Brown studies at Project HOME'S Honickman Learning Center. Once illiterate, he reads at the third-grade level and performs ninth-grade math. The organization gave him a studio apartment at 21st and Venango, health care, and a job at the HOME Spun thrift store, earning $8 an hour, a third of his salary applied toward rent.

"I'm good at selling, and I'm wearing Coach shoes," said Brown, a natty dresser. "This is a beautiful life, my safe haven. I have a key to turn in my door."

Odell Brown was a crack addict for 10 years living on and off the streets. He stayed 14 months with Project HOME. He worked with outreach counselors. He got clean. "Mainly, they helped me work on my self-esteem and my confidence, which was very low," said Brown, 50. He moved to his own place in Germantown, studied at Community College and today performs the same work as part of a psychiatric rehabilitation services team that helped him leave the streets.
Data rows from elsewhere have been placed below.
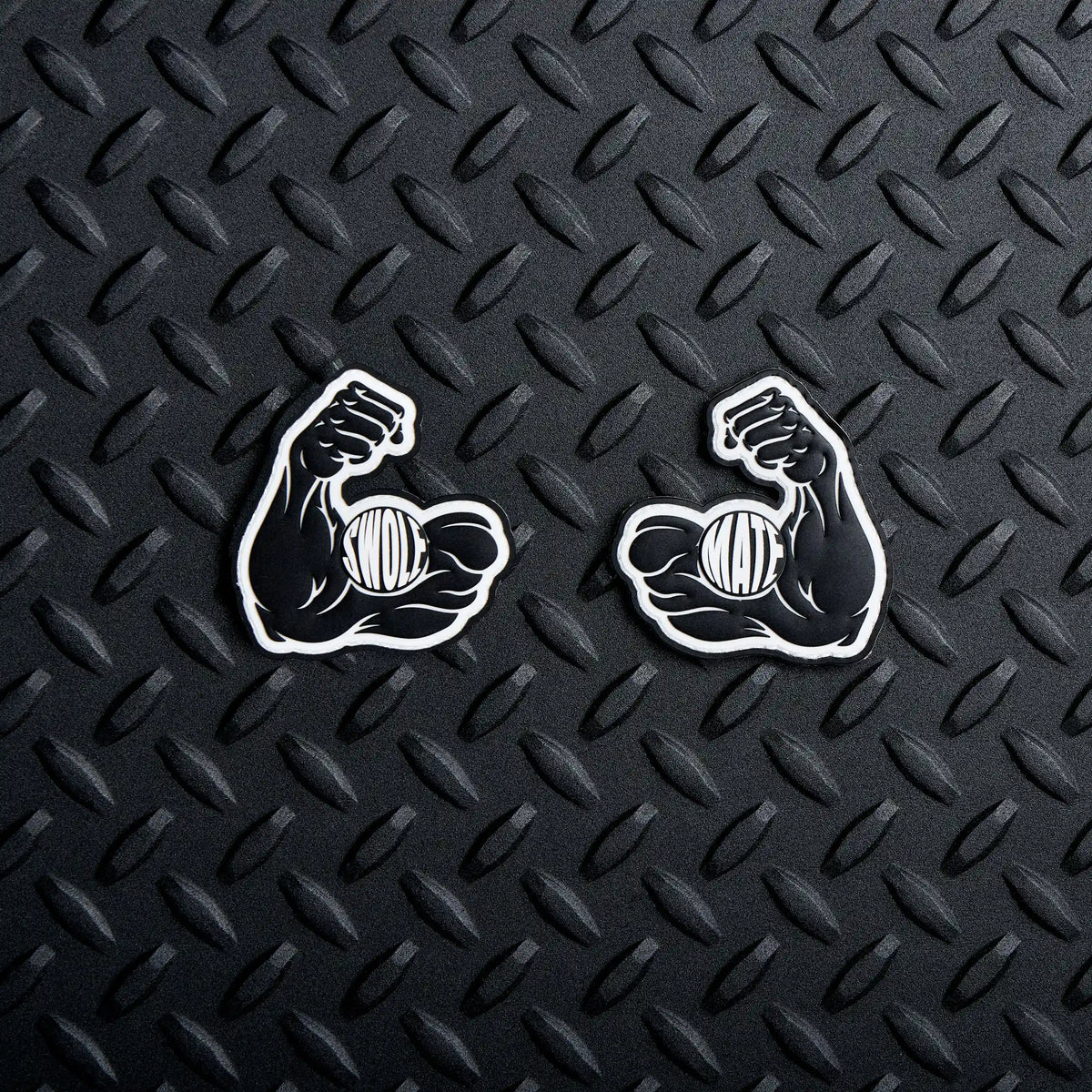 SWOLE//MATE Pumped Arms Buddy Patch Set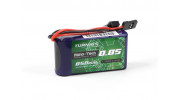 Turnigy Nano-Tech 850mAh 2S 12C LiFePo4 Transmitter/Receiver Pack w/JR(S-Type) Connector (Battery)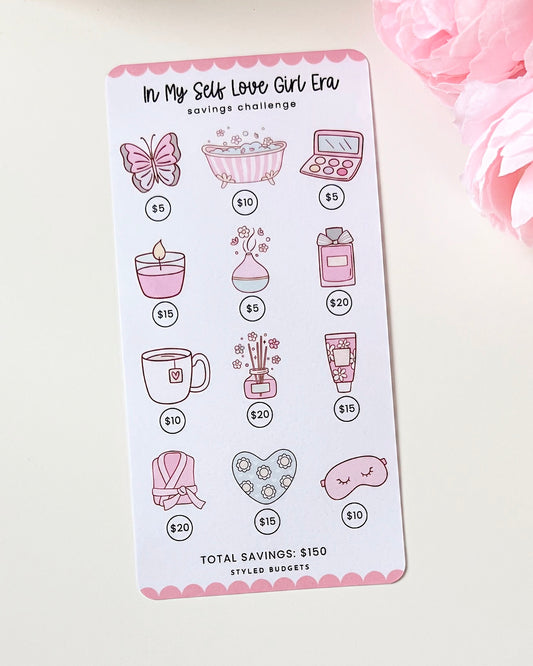 In My Self Love Girl Era Tracker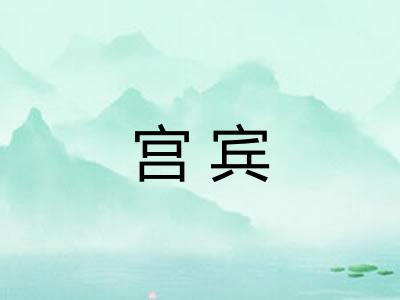 宫宾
Sister Mary told me, "Homelessness, like education, is not going to be solved by bake sales. There is a serious and important role for government, the private sector, and individuals." Contributions to Project HOME are grand, always needed, but Sister Mary and McConnon believe the true place to start is where they did as volunteers. McConnon told me, "come and be a part of this community, to see the dignity in every human being. There aren't any people who have come here to help who haven't found themselves profoundly changed."